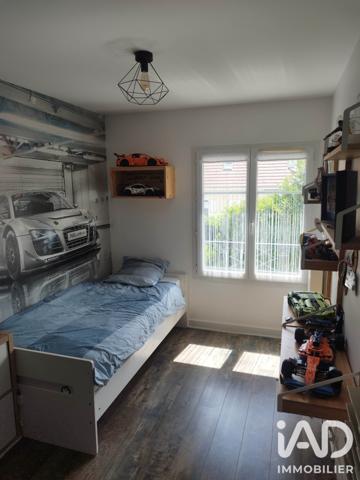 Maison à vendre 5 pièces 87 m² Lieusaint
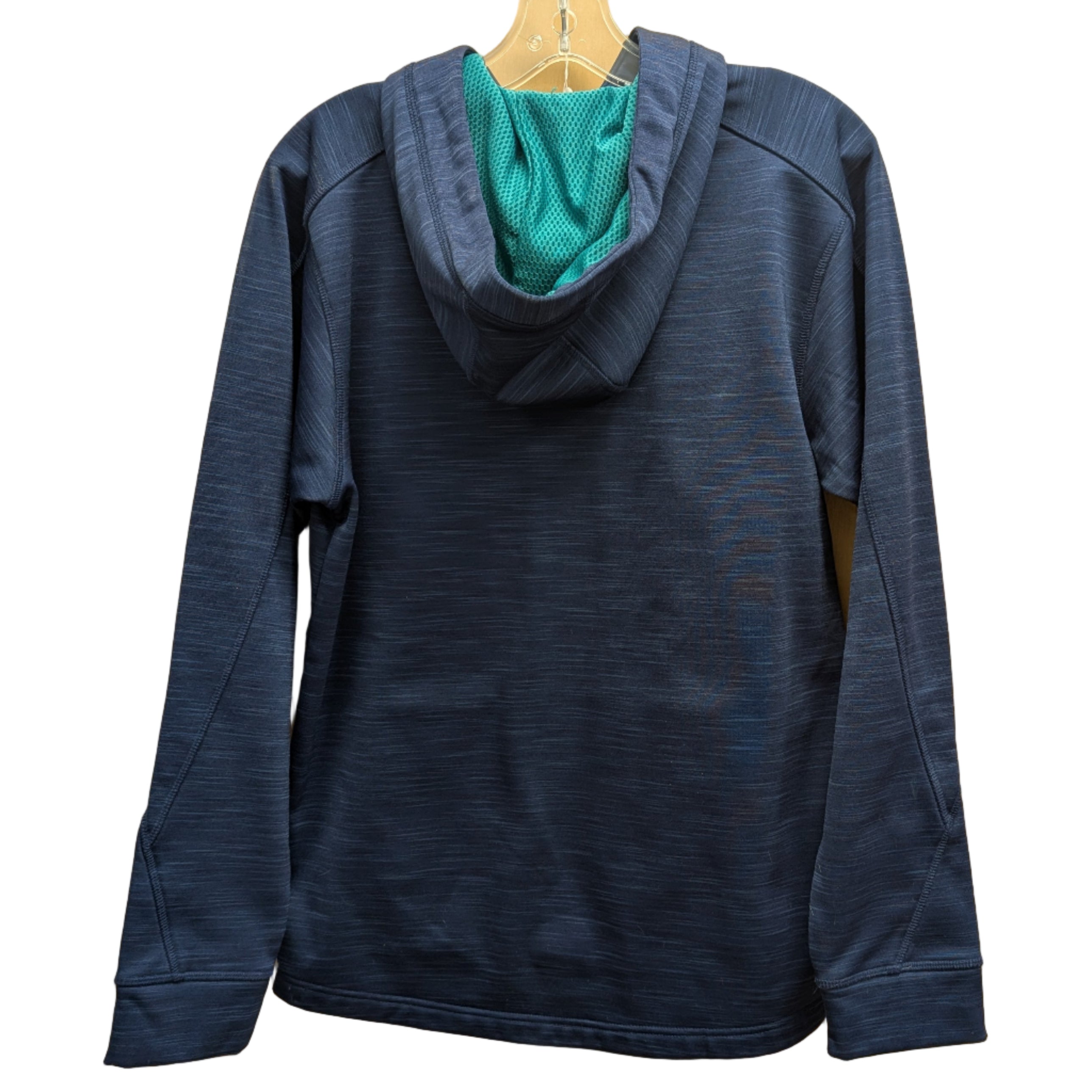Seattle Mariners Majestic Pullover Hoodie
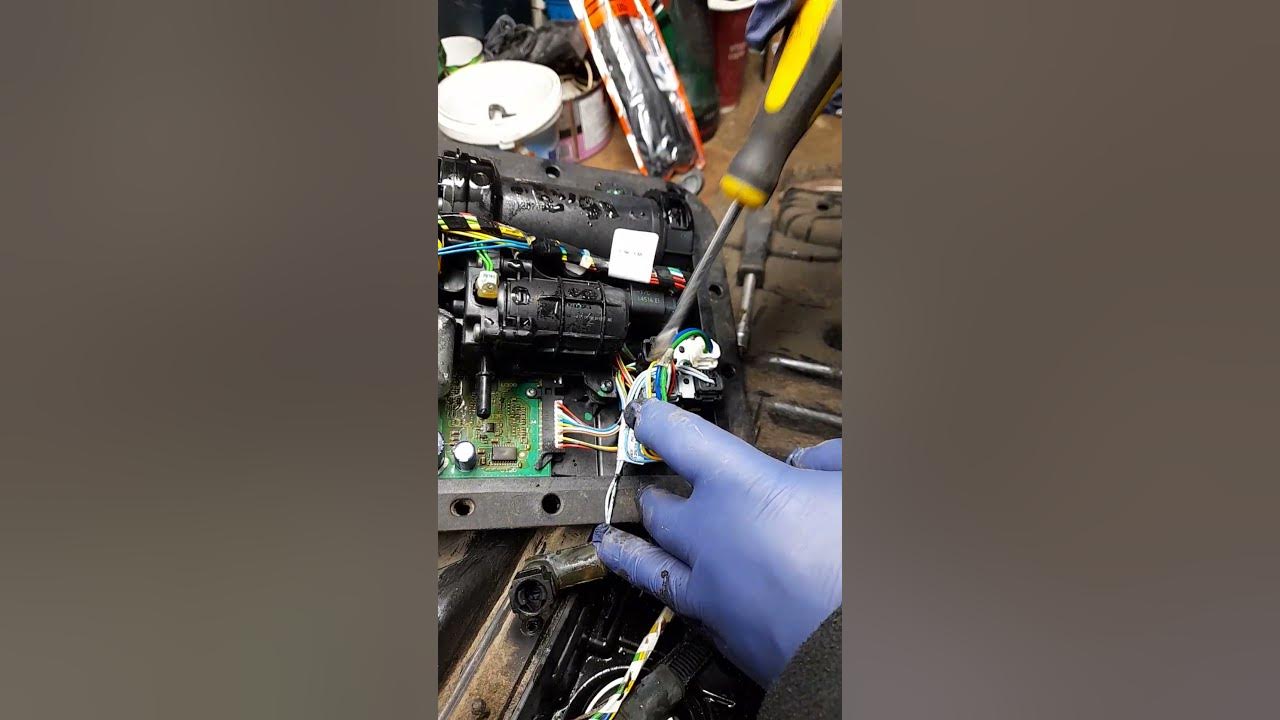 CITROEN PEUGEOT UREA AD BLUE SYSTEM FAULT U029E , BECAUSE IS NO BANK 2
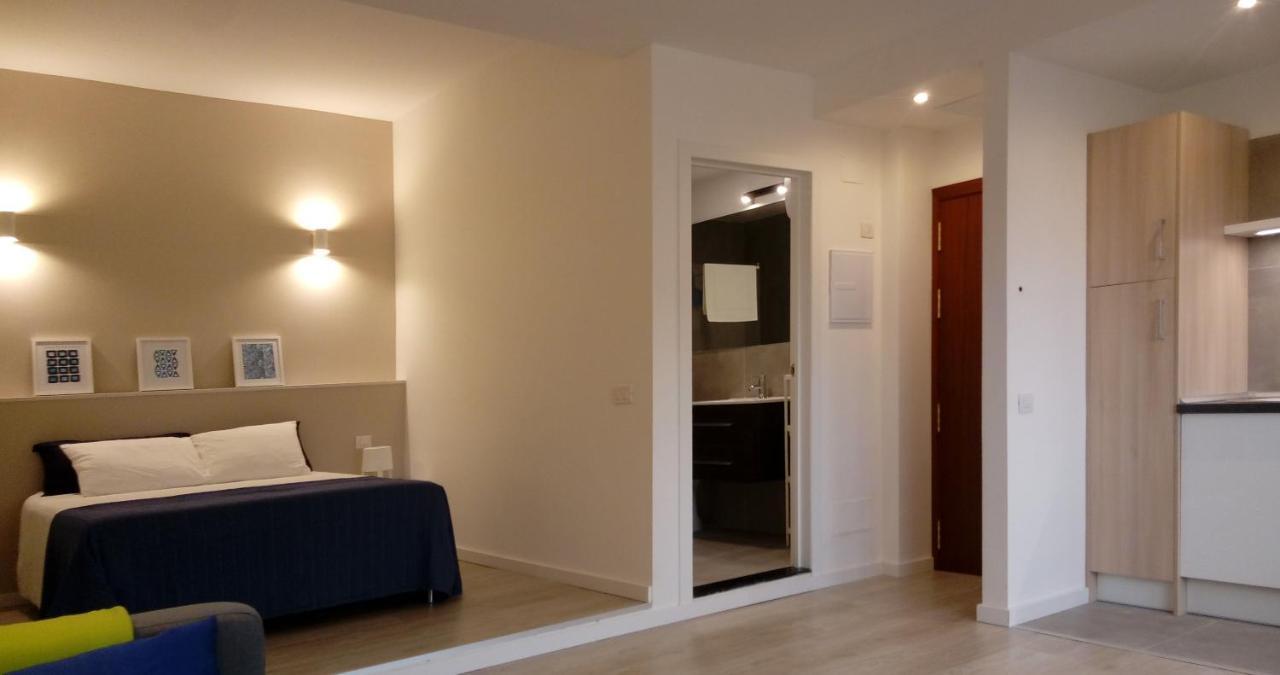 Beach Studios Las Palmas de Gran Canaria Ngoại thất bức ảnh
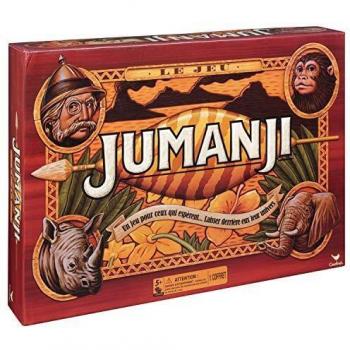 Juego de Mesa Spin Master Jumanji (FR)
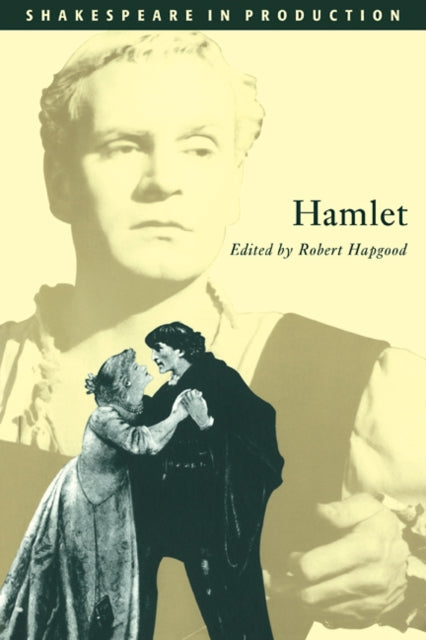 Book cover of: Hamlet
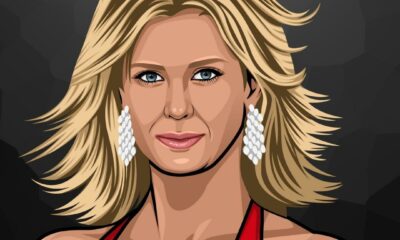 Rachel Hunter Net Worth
--
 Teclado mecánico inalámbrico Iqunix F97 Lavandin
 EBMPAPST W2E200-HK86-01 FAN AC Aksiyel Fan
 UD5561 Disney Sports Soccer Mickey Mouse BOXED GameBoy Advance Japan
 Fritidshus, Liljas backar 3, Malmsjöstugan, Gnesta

▸ ASSIGNED TASK
Give again the stretch of lines above from the one with "Juego de Mesa Spin Master Jumanji (FR)" through the one with "Rachel Hunter Net Worth", both ends kept, and copy no pictures.

▸ RESULT BELOW
 Juego de Mesa Spin Master Jumanji (FR)
 Book cover of: Hamlet
 Rachel Hunter Net Worth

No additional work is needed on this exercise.